RECORD SET:
============================================================

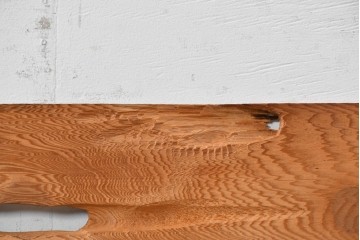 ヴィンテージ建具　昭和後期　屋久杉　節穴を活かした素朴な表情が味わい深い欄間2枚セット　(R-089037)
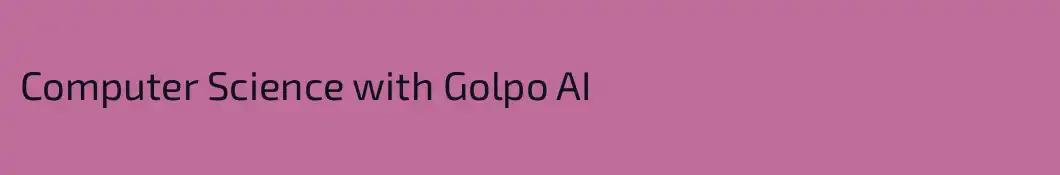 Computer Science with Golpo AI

============================================================

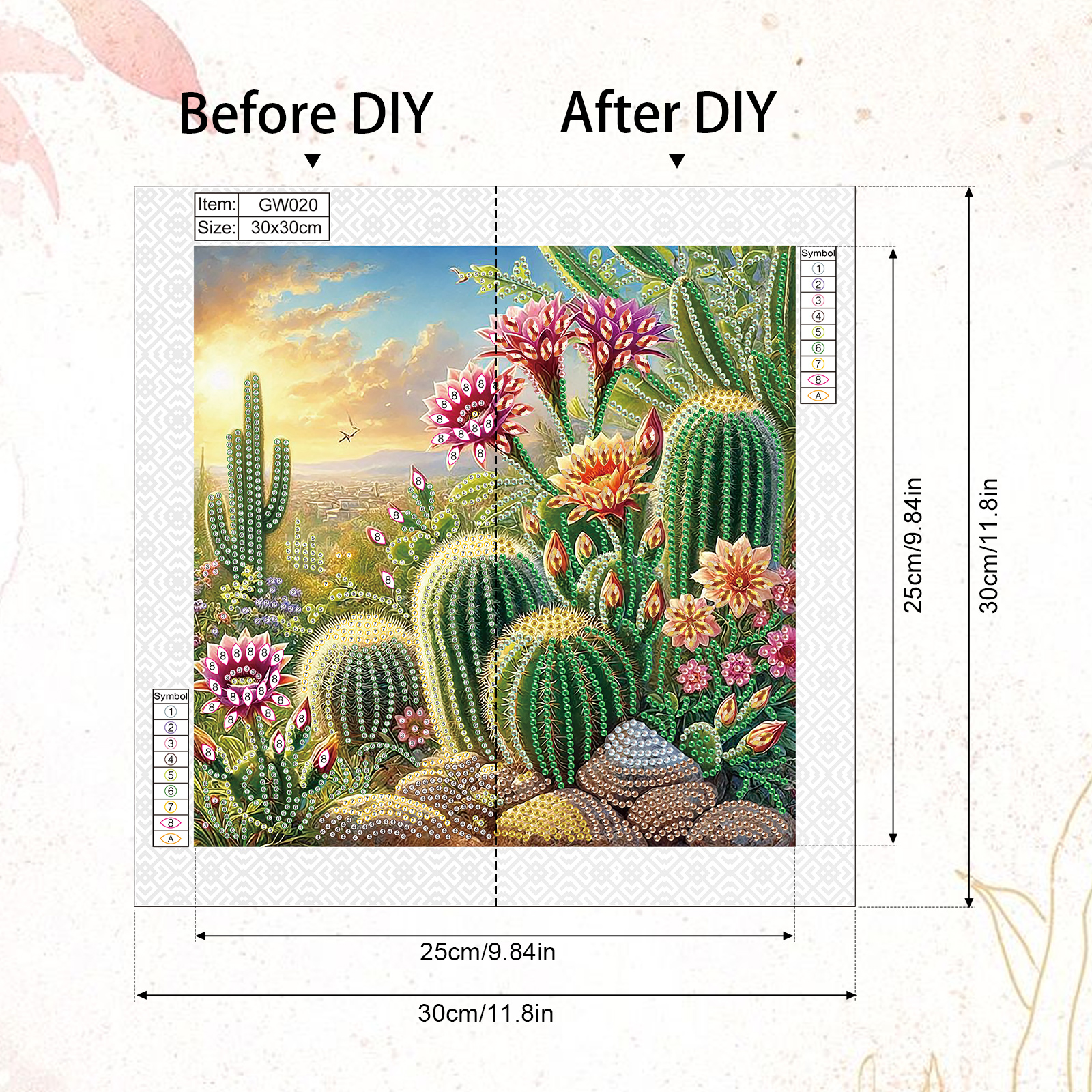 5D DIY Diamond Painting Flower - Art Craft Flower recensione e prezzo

============================================================

In the data above, take the line with "ヴィンテージ建具　昭和後期　屋久杉　節穴", the line with "Computer Science with Golpo AI", and every line between, and set them down exactly without pictures.

EXERCISE RESPONSE:
 ヴィンテージ建具　昭和後期　屋久杉　節穴を活かした素朴な表情が味わい深い欄間2枚セット　(R-089037)
 Computer Science with Golpo AI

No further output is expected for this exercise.